We could make millions advising these actresses:
Always eat while watching TV.
That includes meals and snacks. Also eat while reading. And bathing. In front of the TV, try to choose mushy, soft food so you can still hear the dialogue. Cans of frosting and peanutbutter work pretty well. Save crunchy snacks for commercial breaks. If you find your weight gain slowing down or hitting a plateau, you're probably not watching enough TV. If you alternate sweet with salty foods, you'll pack more in.
Eat when you're upset.
Or mad. Or hurt. Or happy. Or confused. Or sad. Or cranky. Or tired. Or eat when you feel nothing, but want to feel something. Food is enormously comforting. There's hard science to back that up. In a pinch, food can replace all other means of coping.
Do not plan meals.
Our ancesters were hunters and gatherers. Eating should be an adventure! Planning takes all the joy and excitement out of consumption. You'll never put on your maximum weight if you plan your meals.
Celebrate everything with cake.
Not just because it's what your ancestors have always done, always, always. Do it because there is nothing like the combination of white flour, sugar, and saturated fat to lay on the blubber. Donuts work just as well and are a very festive substitute. Someone, somewhere is having a birthday or anniversary today. Surely.
Identify with fatness.
Focus. Try to visualize yourself at your biggest and fattest. If you can identify yourself as a fat person, build your whole self image around bigness and roundness, you'll never slip into the habits of a thin person by mistake.
Stress load now.
Try to maintain as much stress in your life as you possibly can. The more stress, the more your body fights to hold on to fat. Stress will pretty much ensure your hard work at gaining weight will not go unrewarded. Over-book, over-commit, over-do, over-promise everything. Over-expect, over-much from yourself. Always. It's the only sure way to keep that weight on.

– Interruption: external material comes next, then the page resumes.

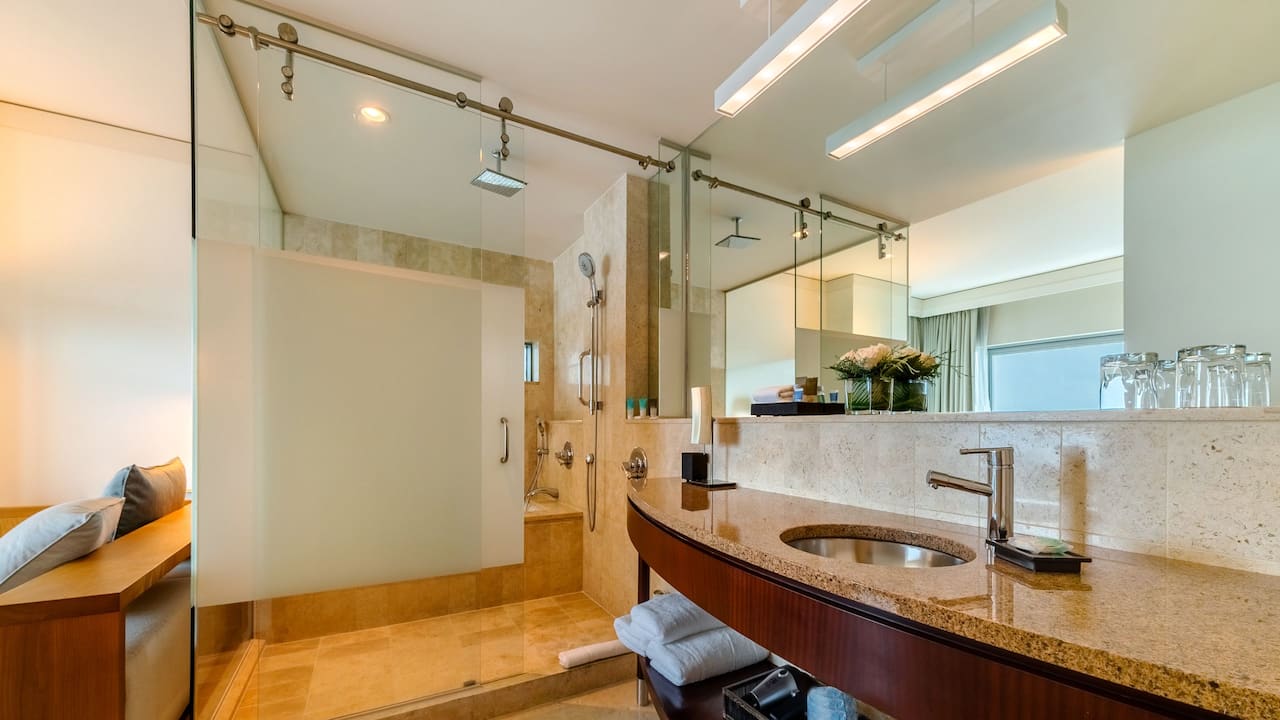 Deluxe Bath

Eat it before someone else does.
Eat as much as you can as fast as you can before anybody else eats it first. Be sure to get yours. You never know when you'll get another chance at a package of Oreos. They may stop manufacturing them any minute, and then where would you be?
Eat at night, all night.
Four hours before bedtime, begin to graze constantly. You should be swallowing your last bite just as you crawl between the sheets. Set your alarm to wake you up two or three times during the night to eat some more. Follow any meal with some sleeping time, so you're sure to signal your body you have no immediate need for those calories.
Water has no calories and tends to fill your stomach up. Avoid it at all costs. You need to fill up with calorie-rich food and drink. If you're going to drink something, choose something rich, sweet, or alcoholic to pump up your energy load. Warmed up palm oil is ideal.
And the number one way to gain as much weight as possible:
Do not move.
Try to remain as inactive as possible. Park your car as close to the door as you can at work, when shopping, when visiting friends. Try to choose inactive work. Take elevators, escalators. If you can sit instead of stand, do it. If you can lie down instead of sit, do that. Really think before acting: Is it worth burning off that precious energy? Send others to fetch things for you. Children are especially good for this. They can bring you food in front of the TV, for instance. Preserve your girth. Stay still.
(With thanks to David Letterman and his writers and anyone and everyone responsible to or especially holding the trademark rights to "Top Ten" lists.)